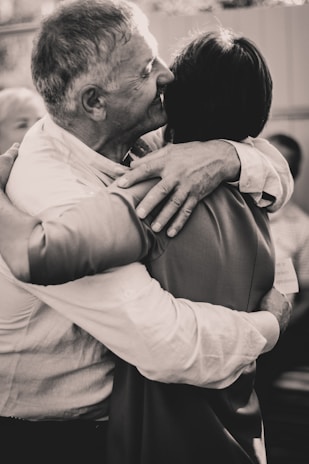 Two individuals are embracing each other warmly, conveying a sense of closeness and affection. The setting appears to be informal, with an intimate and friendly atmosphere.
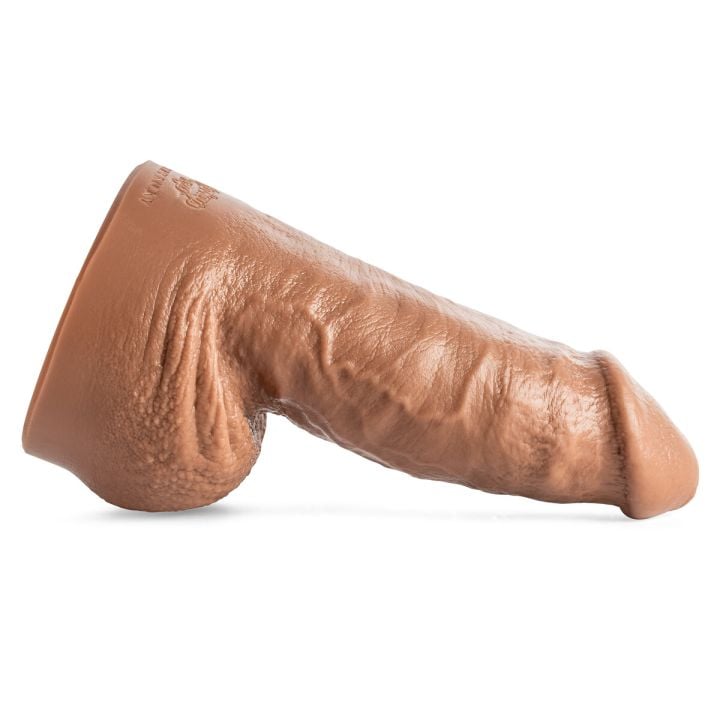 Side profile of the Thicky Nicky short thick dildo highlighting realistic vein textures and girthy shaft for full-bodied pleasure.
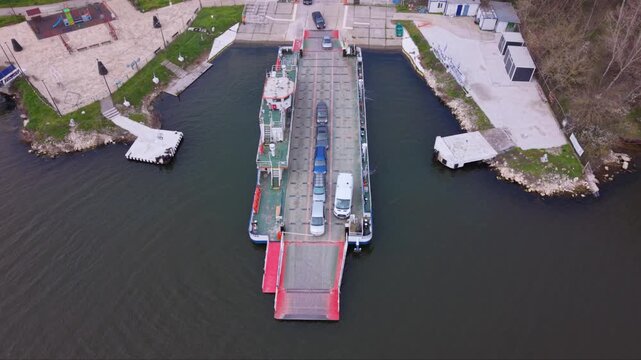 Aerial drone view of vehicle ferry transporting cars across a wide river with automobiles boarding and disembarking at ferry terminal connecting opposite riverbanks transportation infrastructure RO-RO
---
The copy must begin with the line containing "Side profile of", end with the last line of the material, match each line exactly, and hold no pictures.

 Side profile of the Thicky Nicky short thick dildo highlighting realistic vein textures and girthy shaft for full-bodied pleasure.
 Aerial drone view of vehicle ferry transporting cars across a wide river with automobiles boarding and disembarking at ferry terminal connecting opposite riverbanks transportation infrastructure RO-RO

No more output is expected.